Senior executives of JetBlue Airways and Southwest Airlines argued in court Wednesday over JetBlue’s controversial partnership with American Airlines that the Biden administration is seeking the thwart.
JetBlue CEO Robin Hayes told a federal court in Boston the partnership will help his airline grow, accommodate customers whose flights gets canceled, and attract more corporate travelers.
Hayes disputed the government’s view that the deal will reduce competition and cost consumers hundreds of millions of dollars a year in higher fares.
But Southwest’s Andrew Watterson said he was disappointed that the partnership will give American access to valuable JetBlue slots that American once controlled but was forced to surrender to win regulatory approval of a 2013 merger and a separate transaction.
“We thought that was outrageous,” said Watterson, who will become chief operating officer at Southwest later this week.
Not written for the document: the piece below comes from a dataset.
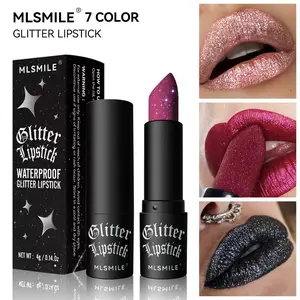 Mlsmile Matte Lipstick Diamond Glitter Glossy Lip Balm, Halloween Dark Ghost Makeup Long-Lasting Christmas Party Beauty Lips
The Justice Department, six states and the District of Columbia seek to break up the American-JetBlue partnership in a case that has become a major test of the Biden’s administration’s opposition to mergers and consolidation in key industries. The Transportation Department approved the deal in the final days of the Trump administration.
The case is being heard by U.S. District Judge Leo Sorokin, who was appointed by former President Barack Obama.
Hayes was back on the stand for a second day to defend a partnership that lets JetBlue and American work together on schedules, sell tickets on each other’s flights, and share revenue from flights at four airports in the New York City area and Boston.
Hayes called the partnership “a generational opportunity” that has already helped JetBlue grow from about 200 flights a day in New York to nearly 300 and add dozens of new routes to compete with Delta and United.
Other carriers want to expand in New York too, but federal officials limit takeoff and landing rights, or “slots,” because of congestion.
Senior executives from American, Delta and United are expected to testify. Both sides have lined up economists to discuss how the partnership will affect consumers.